This
movie… It’s quite something, but I liked it.
It’s a bit Back to the Future
meets A Christmas Carol, with just a
dash of It’s a Wonderful Life thrown
in for good measure. It’s also pretty
darn entertaining and offers a fairly good starring role for Tony Leung
Chiu-wai.
Chor Yuen
has always had a tough relationship with his father, Feng. He blames his meager upbringing on Feng’s
to-a-fault generosity, the sort of man who cheerfully allowed the family to remain
in poverty while giving constant exorbitant loans to neighbors and helping
muggers get a leg up in the world. A
wish made during the mid-autumn festival, a night of magic, sends Yuen back in
time to the early days of his parents’ relationship. Knowing that his mother Laura came from a
wealthy family who disowned her after her marriage, Yuen schemes to change the
past and better his circumstances.
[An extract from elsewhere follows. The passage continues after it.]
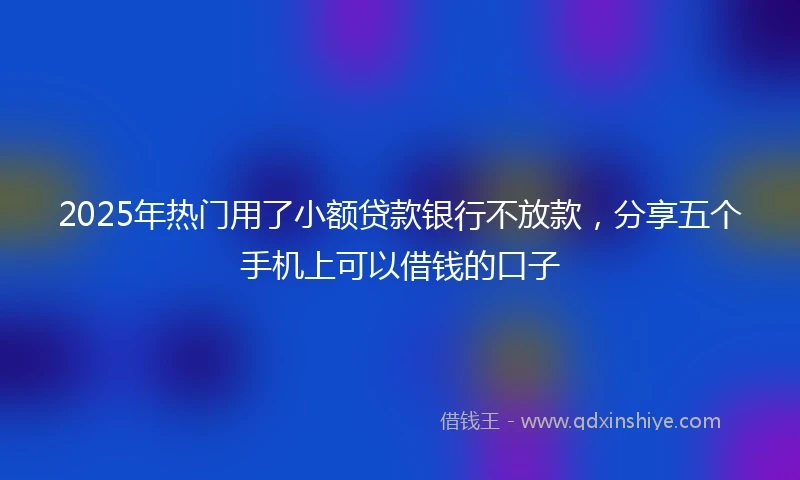 2025年热门用了小额贷款银行不放款，分享五个手机上可以借钱的口子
But
as he gets to know his parents in their youth and sees life in their struggling
but vibrant tenement neighborhood, he begins to understand where his father’s
indefatigable “all for one” spirit comes from, realizing that life is about
more than success.
For the
most part, the film falls into a fairly gentle time-travel dramedy. The neighborhood feels real and lived-in, and
there’s a nice warmth to the relationships, both the ones we see in the
community and the ones that develop between Yuen and his young parents. Much of the humor hits just the right tone –
I like the understated comedy of Yuen and Feng getting lost when they meet Laura’s
rich parents, and there’s a fun bit of winking contrivance surrounding
$50,000. Tony Leung Ka-fai wonderfully
fills the role of Feng the eternal optimist, and Carina Lau plays Laura with a
nice blend of class and down-to-earth approachability.
Be
warned, there is some weirdness going
on here that I don’t like. I wish they
would’ve cast different actors to play Yuen’s parents in the present-day
sequences. The old-age makeup on Tony Leung
Ka-fai and Carina Lau looks tacky, and they feel like they’re exaggeratedly
playing “old,” a poor contrast to their more relaxed acting in the ‘60s
scenes. Some third-act hijinks requiring
disguises get rather tasteless, involving both over-the-top drag and the
discomfort of seeing Chinese people “brown up” to pass themselves off as Indian. Finally, there’s a scene that, while it
doesn’t go as far as sex, still gets very unpleasant with how it treats
consent.
But onto
Tony Leung Chiu-wai as Yuen. He has a talent
for playing unlikable characters you can still root for, and Yuen is one of the
more complex example of that type I’ve seen from him so far (he’s no Chow
Mo-wan in 2046, but they can’t all
be.) Yuen is jaded and shallow, he’s
hung up on what he doesn’t have, and he’s more than a bit of a conniver. And yet, his better qualities are present
often right alongside his more dubious ones.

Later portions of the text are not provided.